Si è spento ieri a 94 anni Giulio Andreotti. Politico, scrittore e giornalista, ha ricoperto per ben sette volte la carica di Presidente del Consiglio, per otto volte è stato Ministro della Difesa, cinque Ministro degli Esteri, tre Ministro delle Partecipazioni Statali e ancora due volte Ministro delle Finanze, del Bilancio e dell’Industria. Questo il ritratto dell’Andreotti politico, uno dei principali esponenti della Democrazia Cristiana e probabilmente il più grande protagonista della vita politica del Paese durante la Prima Repubblica; forse però non tutti sanno che l’onorevole Andreotti è stato anche un profondo appassionato di sport. E’ stato infatti presidente del comitato organizzatore delle Olimpiadi di Roma nel 1960, e soprattutto della Roma intesa come squadra di calcio è stato un appassionato e competente tifoso, al punto che nel 2003 gli fu concessa la carica di presidente onorario del Roma Club Montecitorio, fondato proprio in quell’anno. Un club che andava oltre le divergenze politiche, unito nella fede per i colori giallorossi: vi facevano parte onorevoli deputati, giornalisti parlamentari e dipendenti in servizio e in quiescenza della Camera dei deputati. Dalla fondazione del club la carica di presidente, confermata due mesi fa ancora una volta, è stata assegnata all’onorevole Paolo Cento, che in esclusiva a Ilsussidiario.net ha ricordato la figura dell’Andreotti tifoso e appassionato di sport.



Onorevole, che ricordo ha del Giulio Andreotti romanista? Fin dal giorno della fondazione del Roma Club Montecitorio, di cui abbiamo festeggiato il decennale proprio qualche settimana fa, ha accolto con grande entusiasmo e, devo dire, anche con grande dedizione la carica di presidente onorario che il club gli ha offerto. Quella scelta nasceva dalla particolarità del club, composto da molti parlamentari.



Come è nata la scelta di Giulio Andreotti quale presidente onorario? Ci sembrava giusto riconoscere ad altre figure un ruolo importante anche se non importante. La Roma univa ciò che la politica divideva; questo capita anche oggi. In questi dieci anni il presidente Andreotti è stato sempre il primo a rinnovare la tessera di socio del Roma Club Montecitorio e a trovare le forme per essere presente a tutte le attività del club. C’è un episodio significativo a testimonianza di ciò.

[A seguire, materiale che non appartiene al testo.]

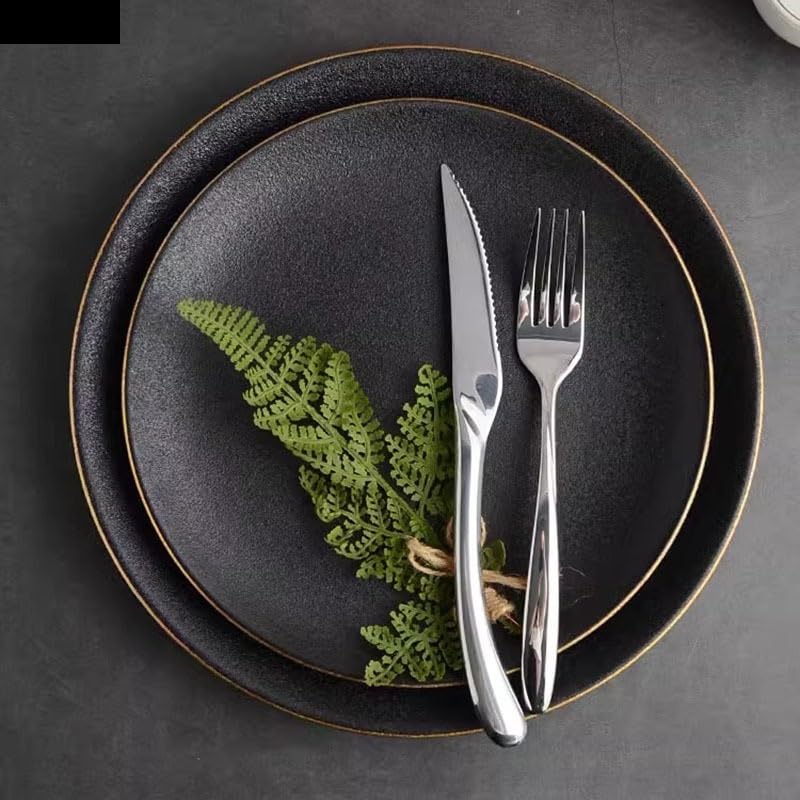 Dinnerteller Teller Essteller Teller Teller Keramik Dessertteller für Restaurant Steak Nudeln Geschirr für Küche, Salatteller Teller flach stapelbar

Quale? Proprio ieri ho ripescato la lettera che il 23 aprile, quindi pochi giorni fa, Andreotti aveva inviato per scusarsi del fatto che, a causa delle sue condizioni già precarie, non poteva essere presente alla cena sociale del Roma Club Montecitorio, alla festa per il decennale; ma ci teneva a scusarsi, e nonostante fosse ormai al termine della sua vita aveva trovato la forza e il tempo di scriverci per salutare tutti i soci del club. 



Un aneddoto che fa capire tante cose… Sì, e che ora naturalmente assume tanti significati. Fa capire della passione che Giulio Andreotti aveva per la Roma: autentica, non come spesso accade oggi con i tifosi VIP che quando si vince si fanno vedere per avere visibilità; no, lui era un tifoso vero, da tempi non sospetti. La sua presenza però era sempre discreta: mai invadente. Parlare con lui della Roma faceva scorrere velocemente il tempo, e faceva venire meno le divergenze politiche tra me e lui. Ricordo un episodio particolare…

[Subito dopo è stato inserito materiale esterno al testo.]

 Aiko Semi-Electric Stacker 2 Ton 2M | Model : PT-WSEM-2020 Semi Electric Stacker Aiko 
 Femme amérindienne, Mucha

Prego. Gli consegnammo nel suo studio la tessera onoraria di presidente del Roma Club Montecitorio: nonostante le diatribe politiche di quegli anni, fummo accolti con gioia e parlammo di Roma in maniera assolutamente spontanea. 

Era un tifoso competente? Assolutamente: seguiva e si informava, non era il tifoso del risultato ma seguiva le vicende tecniche e i giocatori. C’è questa diceria sul suo intervento a bloccare il passaggio di Falcao all’Inter…

Appunto: quanto c’è di vero? 

Credo che molto sia leggenda: lui rispettava molto il calcio come passione, come ho detto non era invadente. Però, era molto competente: la sua ammirazione per giocatori come Falcao, Conti e Pruzzo è l’ammirazione di chi conosce la materia e non è semplicemente interessato al risultato. 

Si narra anche di un presunto “intervento” nello scudetto vinto dalla Roma nel 1983… All’epoca ero un giovanissimo, accanito tifoso: ero a Genova nella partita decisiva in cui la Roma con un pareggio si consacrò campione d’Italia… credo che ci fosse solo la passione del tifoso, se c’è una cosa di cui la Roma non ha beneficiato dal tifo di Andreotti è il rapporto con il potere.

Come mai? E’ vero che arrivò uno scudetto, ma gli anni Ottanta furono gli anni in cui almeno uno scudetto, quello del gol di Turone, fu sottratto ai giallorossi per un’interpretazione arbitraria, diciamo così: è letteratura calcistica, non solo tifo. La Roma non godette del potere politico, che a Roma non si è mai fatto sentire abbastanza come in altre città. Non dimentichiamo una cosa.

Quale? Dopo Dino Viola e la breve parentesi Ciarrapico è arrivato Franco Sensi, che ha fatto della lotta al potere calcistico del Nord una bandiera. Su questo, la Roma non ha tratto giovamento dal fatto che Andreotti fosse un uomo di potere. E’ un modo per riconoscere la passione del presidente, che almeno quando vestiva i panni del tifoso si lasciava dietro il suo armamentario di potere. Di questo noi romanisti siamo contenti, perchè teniamo all’Andreotti tifoso.

Quello politico invece? Come dicevo ieri in un commento, si porta dietro tutte le ombre della Prima Repubblica.